CIA Boot Camp: Day 3

October 1, 2008

Boot Camp Day 3! By now I was getting into the swing of things. Today was a fun day because we did a campus tour in the afternoon; kind of a “behind the scenes at the CIA.” Lots of pictures below, but first, morning lecture.

Our topics for Day 3 were sautéing, deep-frying, stir-frying, and pan-frying. Much of the day, for me, was reinforcing the essentials for sautéing: basically, always have your mise en place ready (things go quickly!), heat the pan first, add a small amount of your fat, add the seasoned main item, sear and turn once, put the whole pan in the oven if to finish cooking (this I did not always do previously but what a great tip — prevents the burning that sometimes occurs if you keep cooking it on the hot stovetop), and lastly: always, always, always make a pan sauce from the fond that develops in the pan. Some other useful tips learned:

  • you can dredge an item like chicken with the skin on or fish in flour first; the flour prevents an item from sticking and helps with browning (because you sear these items at a lower temperature than red meat.)
  • when boiling potatoes, start them in cold water. And, you can prevent the pot from boiling over by taking some oil on a paper towel and just rubbing it around the top and inside of the pot rim. This won’t help forever, but it can give you enough time to catch the pot before it comes to a disastrous boil (oh, and: potatoes should never, EVER be boiled. Always simmered.)
  • I kind of already knew this, but am guilty of not following it at times: perfect mise en place is pretty important to helping things run smoothly in the kitchen. You don’t want to be starting to make your pan sauce with the fond and find out you haven’t chopped your mirepoix — the fond will burn while you’re racing to dice it up.

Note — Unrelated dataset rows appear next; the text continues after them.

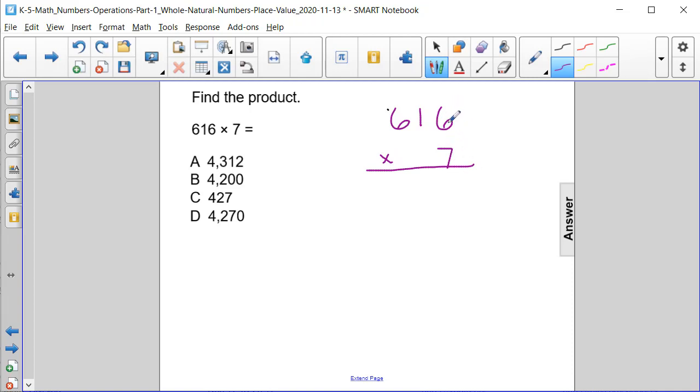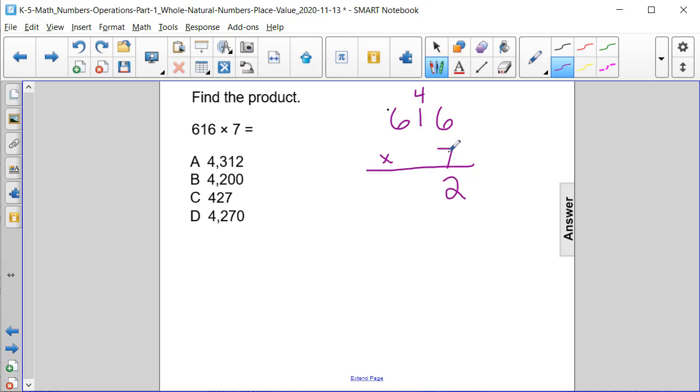...times 6 we get 42, so we're going to put the 2 down and bring the 4 over the tens column so that we can regroup. We're doing 1 times 7, which is 7, or 10 times 7, which...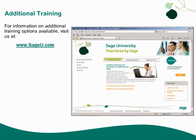Thank you for taking this anytime learning topic. For information on additional training options available, visit us at sageu.com.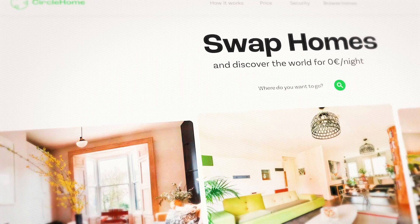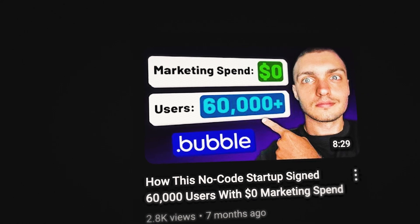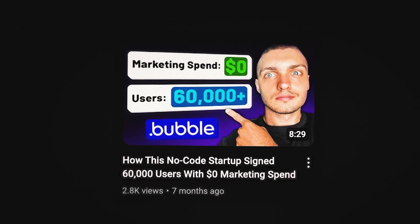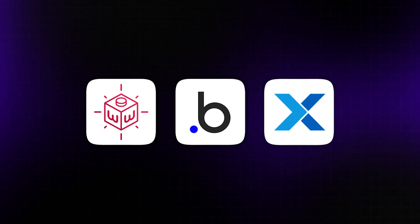I actually have a video on the channel where I went over how CircleHome got 60,000 users with zero marketing spend — you can click the link in the description to check it out after this one. To build out this platform, I would once again use WeWeb or Bubble for the front-end and Xano for the back-end.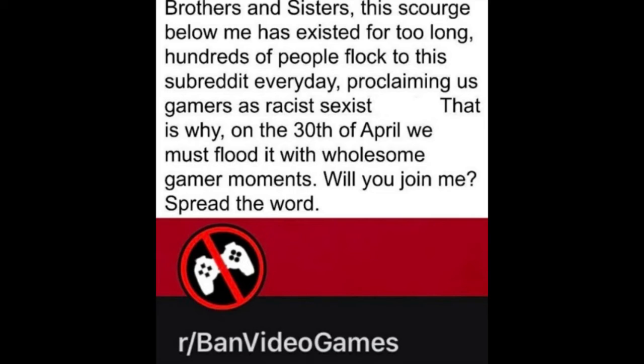Brothers and sisters, this scourge below me has existed for too long. Hundreds of people flock to this subreddit every day, proclaiming us gamers as racist, sexist — that is not a word I can say. That is why on the 30th of April, we must flood it with wholesome gamer moments. Will you join me? Spread the word. What is r/bad video games? Of course it is. I will join you. Vive la jeu vidéo — by the way, that means long-lived video games in French.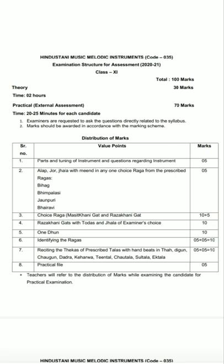Point 8 is the last practical component and is for five marks. So this was the detailed description of the music subject. I have explained how many marks there are in every unit regarding Hindustani music melodic instrument, code number 35. Thank you.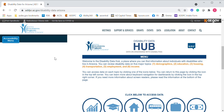Welcome to the Disability Data Hub. This research tool is brought to you by the Arizona Developmental Disabilities Planning Council and Arizona State University. This video will go over how to use the Disability Data Hub. It's an interactive map full of great information, so let's get started.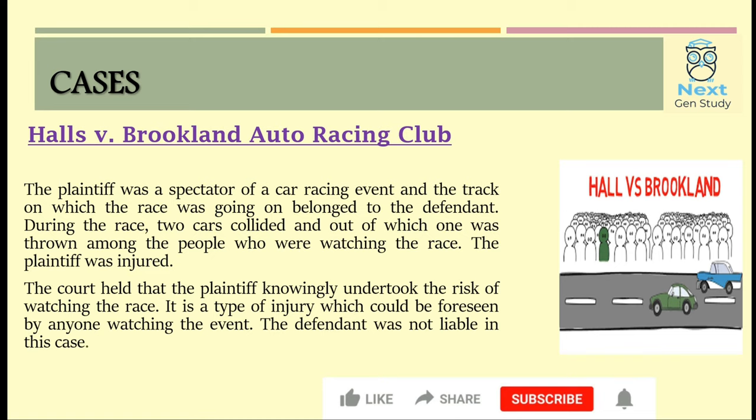The first case is Hall v. Brooklands Auto Racing Club. The plaintiff was Mr. Hall and the defendant was Brooklands Auto Racing Club, who owned the race track. During the race, two cars collided and one was thrown into the crowd, injuring the plaintiff. The court held that the plaintiff knowingly undertook the risk of watching the race, as this type of injury could be foreseen by anyone watching the event. Hence the defendant was not held liable.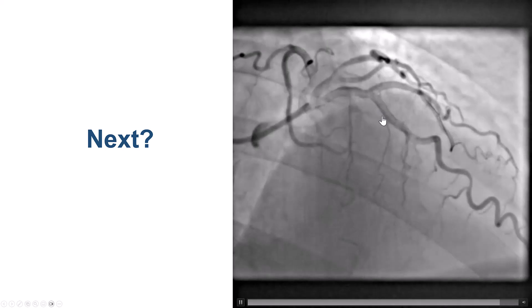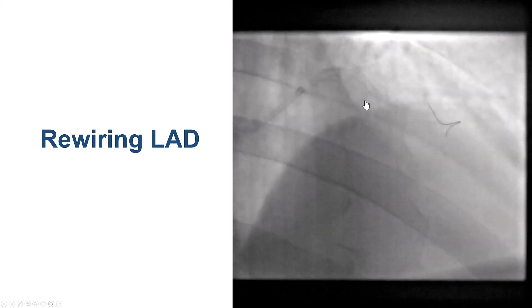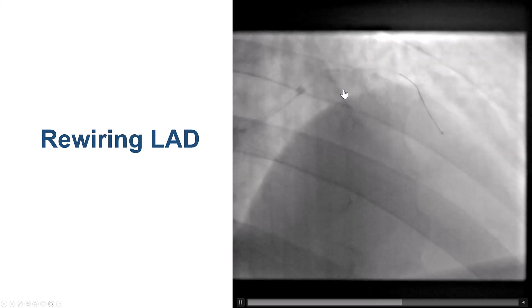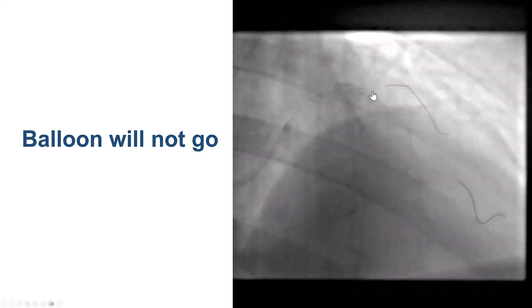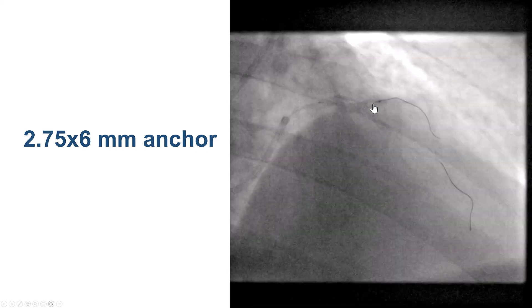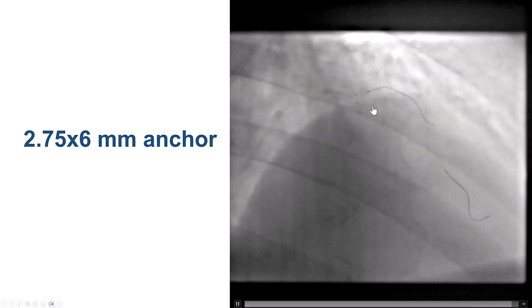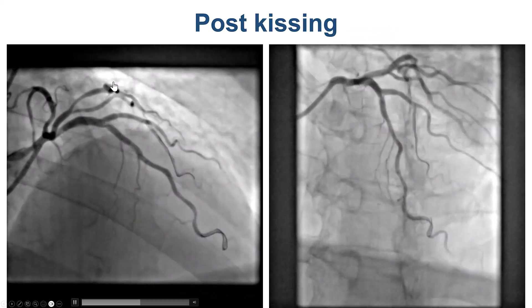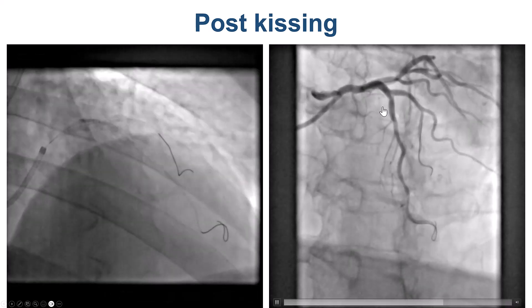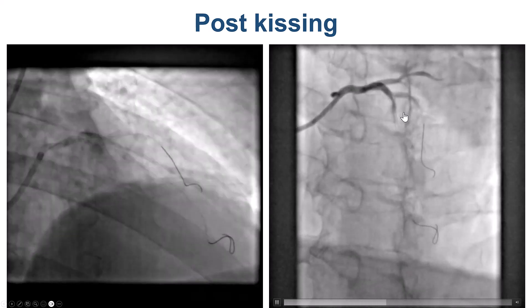We now have TIMI 3 flow into the diagonal and TIMI 3 flow into the LAD, but we need to rewire the segment of the LAD and do a kissing balloon inflation. Before doing that we did the proximal optimization, but then had some difficulty advancing equipment into the LAD. We eventually advanced another guidewire through the stent struts, but a balloon would not go. We used a short 6 mm balloon into the diagonal, which allowed us to advance our balloon into the mid LAD and perform a kissing balloon inflation. This provided a nice result, though there was still some geographic concern about possible under-expansion or covered dissection in the mid LAD after the takeoff of the diagonal branch.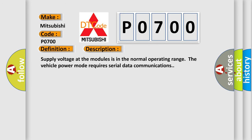Supply voltage at the modules is in the normal operating range. The vehicle power mode requires serial data communications.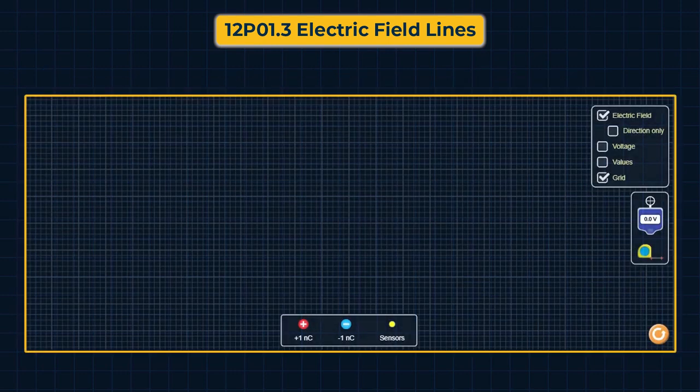First we will see two positive charges and draw electric field lines. Since two positive charges repel each other, the field lines will be directed away from each charge.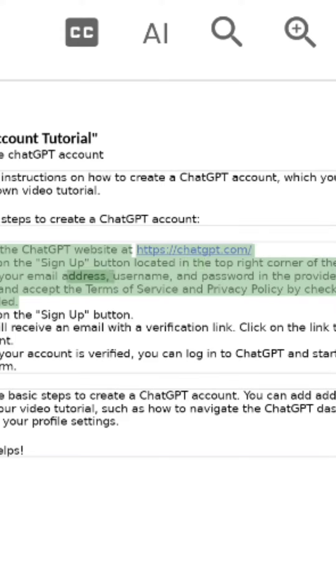Step 3: Fill in your email address, username, and password in the provided fields. Read and accept the terms of service and privacy policy by checking the boxes provided.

We also learned a few more things that will send us to culinary hell:

  • never, ever, EVER waste the fond or pan drippings. Make a sauce with them.
  • never, ever drain fried foods on paper towels. Why do people do this? The fried items just sit in their oil on the towel and get soggy. Drain them on a wire rack above a paper towel or sheet pan instead.
  • boiling potatoes is a big no-no (see above.) Start them in cold, seasoned water and bring them just to a simmer.

After lecture, into the kitchen we went. Chef began with a demo of sauteéd chicken breast and pan-fried pork cutlet with a beurre blanc sauce. I wish I had pictures of these, but I was too busy gulping down the tastes of each that we had…SO delicious! The beurre blanc sauce alone over the crispy pork cutlet was heavenly, but then again, that was something else we were learning this week: butter makes anything better.

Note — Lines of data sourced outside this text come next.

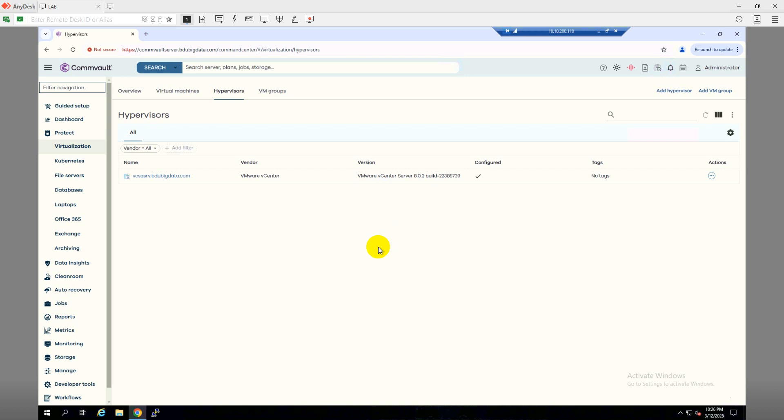Welcome to Cloud Tech Bucket. In this video we're going to install and configure the Microsoft Hyper-V cluster in Commvault Backup so that we can backup the Hyper-V VMs. I have a cluster with two nodes, so I will install the Virtual Server Agent first and then add the Hyper-V cluster into the Commvault console.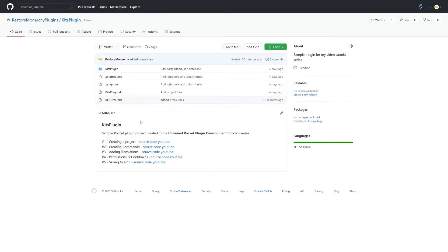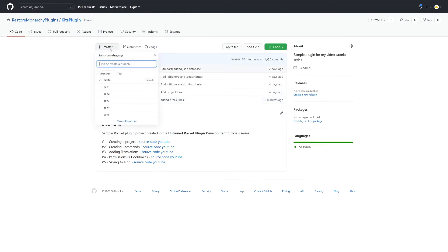You can find a final version of the plugin in the kit's plugin repository on GitHub. I'll leave a link in the description. I made a separate branch for each of the series parts.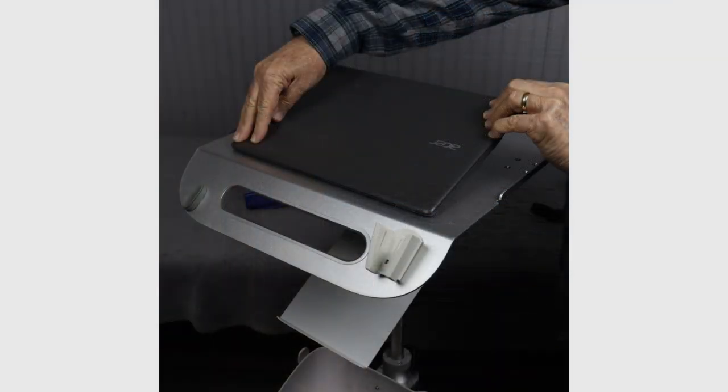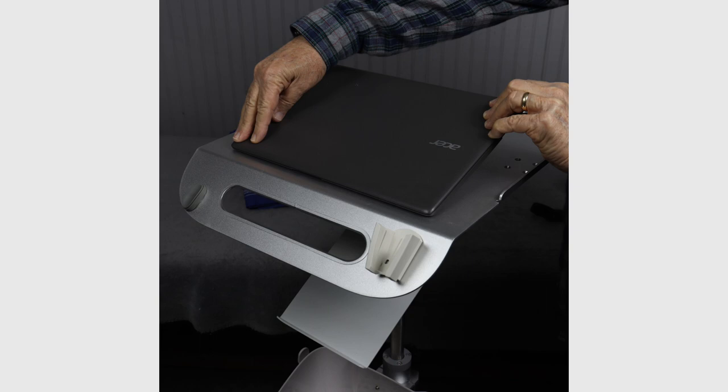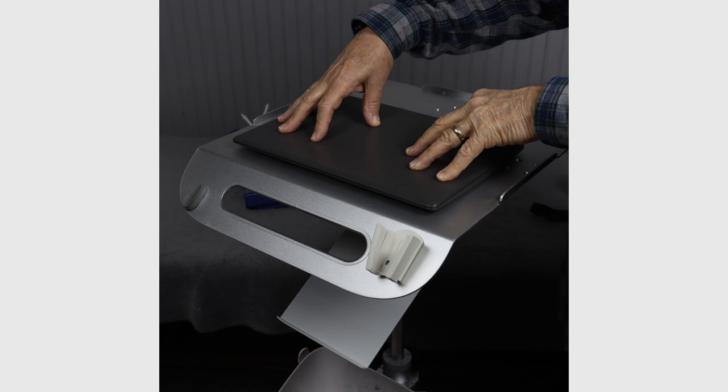Center the computer on the tray as shown, placing the front Velcro tabs into position first and then the rear. Once in position, apply 20 seconds of moderate pressure to ensure adherence to the tray.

Today the teams also made soups, and our team was assigned chicken consommé. I was excited to learn how to make this, because part of the technique involves creating a “raft” of egg whites, ground chicken, and aromatics — the raft coagulates at the top of the hot chicken stock that you use to start the consommé, and the impurities that bubble up when you bring the stock to a simmer will stick to the raft.

Chef whipping egg whites for the raft.

Mixing up the raft (mix it quite a bit!)

Chef also demoed how to make spaetzle! Yum!

The batter is pretty loose.

grating the spaetzle into boiling water; serve tossed with some butter.

Our team had to make stir fried beef with jasmine rice and chicken consomme. A pretty easy day, overall — we had all done stir fries before, and the important thing for us was just getting proper mise en place before starting the stir fry. We also learned that you can start rice on the stovetop and stick it in a 350 degree F oven to finish cooking — which is helpful when you need to free up a burner!

Day 2 dishes.

Pan-fried pork loin with spaetzle.

deep-fried flounder with tomato coulis, boiled potatoes with parsley.

stir-fried rainbow beef with jasmine rice.

chicken breast provencal with sauteed zucchini.

the soups! onion soup gratinee, shrimp bisque, cream of mushroom (the BEST I have ever eaten!), chicken consomme, and the large pot has a petite marmite soup that the student helpers made.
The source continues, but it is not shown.